- _Task objective_
Write out again, word for word, the lines below from the line that holds "3a. Memorial Gateway" through the line that holds "При обнаружении признаков", omitting pictures.

- _Information_
^^^^^^^^

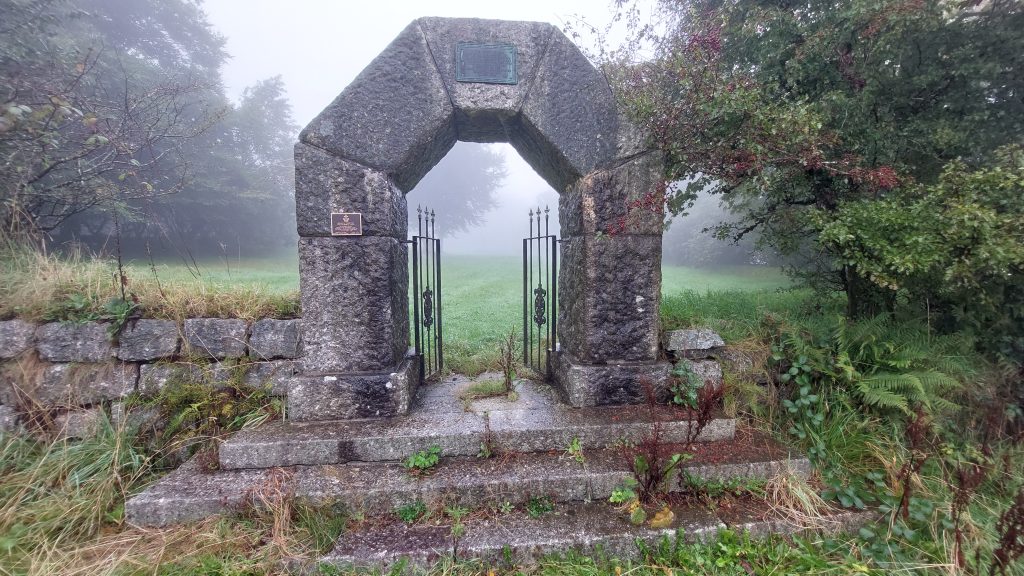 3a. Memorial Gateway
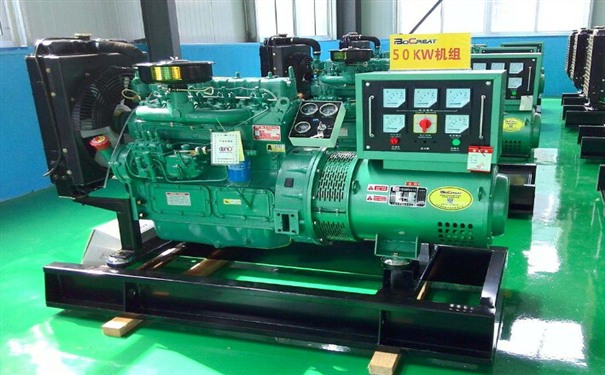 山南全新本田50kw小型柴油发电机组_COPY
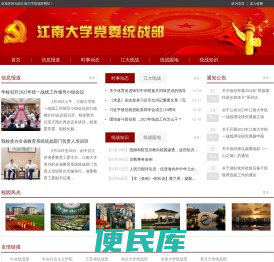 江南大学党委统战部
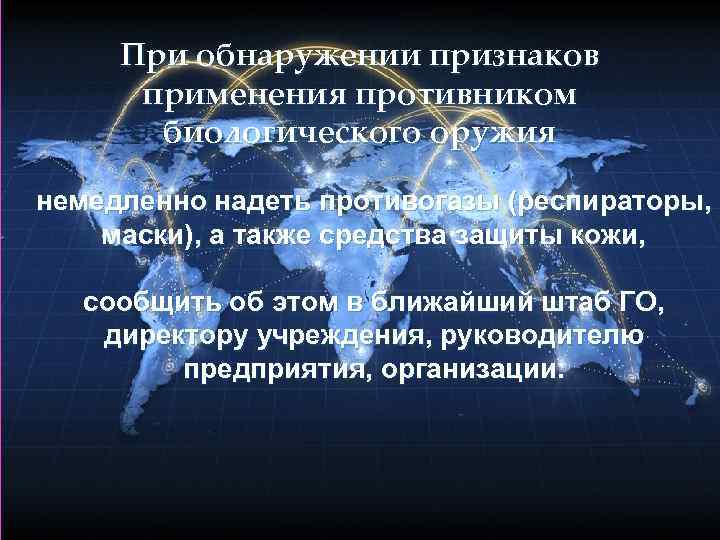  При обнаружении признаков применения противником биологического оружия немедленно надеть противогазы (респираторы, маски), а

^^^^^^^^

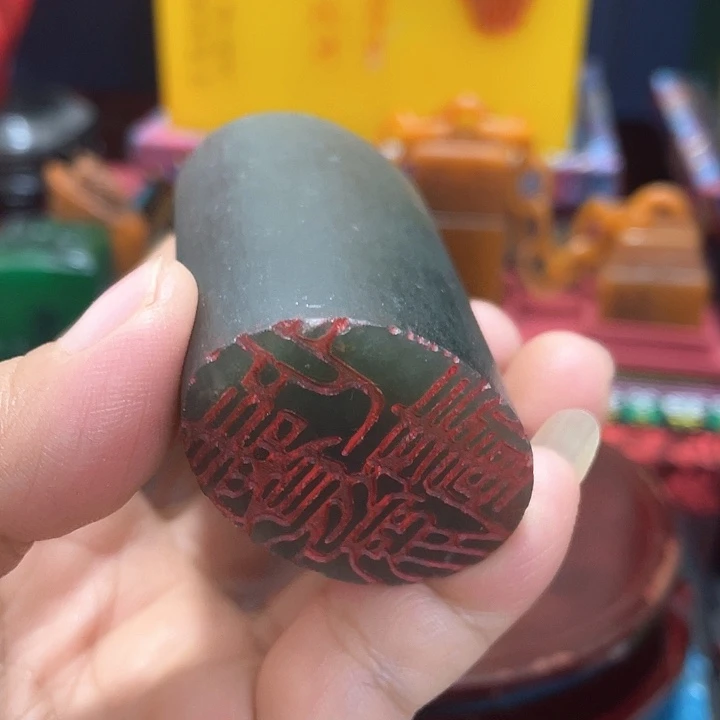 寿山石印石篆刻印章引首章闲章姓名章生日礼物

^^^^^^^^

- _Result below_
 3a. Memorial Gateway
 山南全新本田50kw小型柴油发电机组_COPY
 江南大学党委统战部
  При обнаружении признаков применения противником биологического оружия немедленно надеть противогазы (респираторы, маски), а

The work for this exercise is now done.